Do wypadku doszło pod koniec sierpnia 2022 r. w Gąsówce Starej koło Łap. Do szamba przy przepompowni wpadło trzech mężczyzn. Dwaj zmarli na miejscu, trzeci, po wydobyciu i reanimacji, trafił do szpitala, ale jego życia nie udało się uratować. Tuż po wypadku strażacy informowali, że szambo miało 7 metrów głębokości.


Według ustaleń prokuratury zadaniem pracowników było wykonanie tzw. bypassu na rurociągu ścieków surowych między przepompownią w Gąsówce Starej a Łapami. Po zebraniu opinii powołanych w śledztwie biegłych i innych dowodów (m.in. ekspertyz Państwowej Inspekcji Pracy) zarzuty związane z niedopełnieniem obowiązków postawiono kierownictwu – prezesowi i członkowi zarządu Zakładu Wodociągów i Kanalizacji w Łapach i głównemu mechanikowi w tej firmie.


Temu ostatniemu prokuratura zarzuciła, że – kierując pracami montażowo-remontowymi i będąc odpowiedzialnym za bhp – nie dopełnił obowiązków dotyczących właściwego nadzoru i naraził pracowników na bezpośrednie niebezpieczeństwo utraty życia właśnie wskutek niedopełnienia obowiązków wynikających z zasad bhp. Zarzuty dotyczą też nieumyślnego spowodowania śmierci.

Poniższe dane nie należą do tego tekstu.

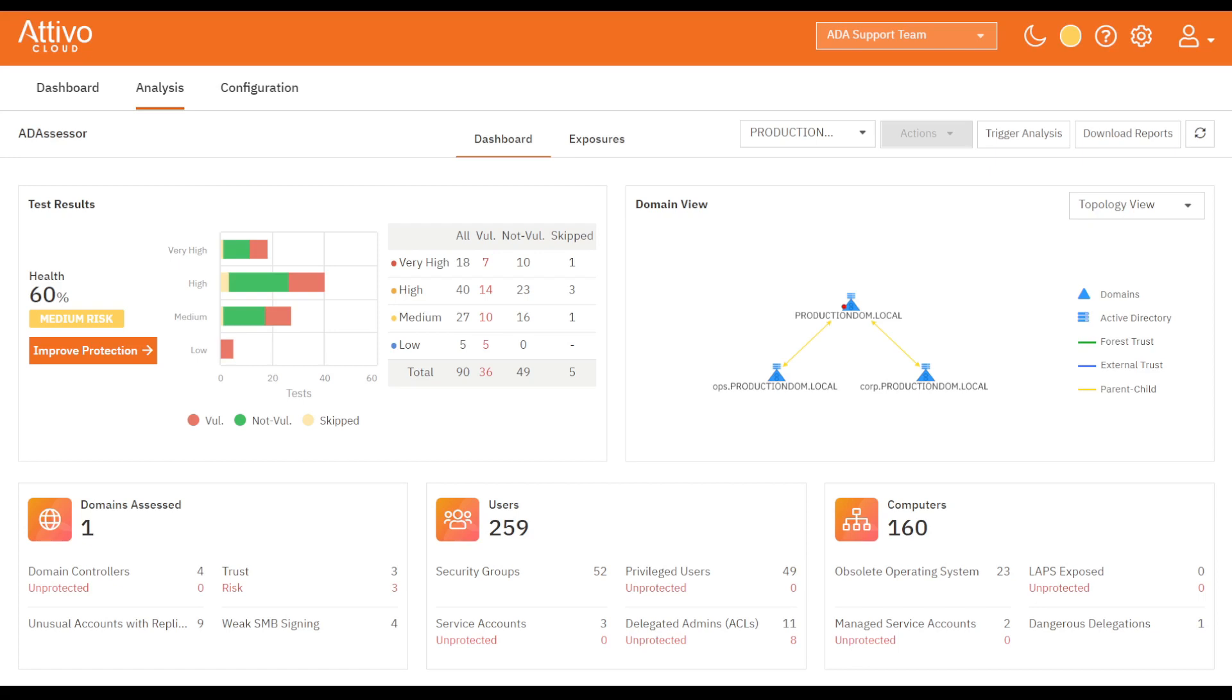The drop-down can also show you other domains that are part of the AD Assessor deployment. Below this row is a quick summary of the domain, user, and computer exposures it has identified.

Pracownik – niczym niezabezpieczony przed upadkiem, niewyposażony np. w maskę do ochrony dróg oddechowych i bez wcześniejszej kontroli stężenia niebezpiecznych substancji w powietrzu – pochylił się nad otwartym włazem i wpadł do środka. Śledczy zwracają też uwagę, że główny mechanik zezwolił dwóm kolejnym pracownikom (jeden był nietrzeźwy) na wejście do przepompowni, by ratowali kolegę, również bez żadnych zabezpieczeń dróg oddechowych i bez sprawdzenia stężenia poziomu niebezpiecznych substancji.


W zarzutach śledczy wymienili m.in. zapisy Kodeksu pracy i przepisy o obowiązkach osoby kierującej pracą innych, rozporządzenie dotyczące bhp przy eksploatacji, remontach i konserwacji sieci kanalizacyjnych czy instrukcję obsługi przepompowni w Gąsówce Starej.


W przypadku kierownictwa spółki odpowiedzialność – w ocenie prokuratury – wynika z nadzoru nie faktycznego nad prowadzonymi pracami w przepompowni, ale z obowiązków tych osób w zakresie zapewnienia bhp jako szefów przedsiębiorstwa.


Wszyscy trzej oskarżeni nie przyznają się do zarzutów. W piątek białostocki sąd rozpoczął postępowanie dowodowe; w pierwszej kolejności przesłuchał żony ofiar wypadku. Żadna z nich nie miała bezpośredniej wiedzy o tym, co się stało. Dowiedziały się o wypadku albo od bliskich, albo od innych osób, gdy ta informacja zastała je w pracy. "Mój mąż wszedł ratować kolegę" - mówiła jedna z pań, pytana o pierwsze, przekazane jej, informacje o wypadku.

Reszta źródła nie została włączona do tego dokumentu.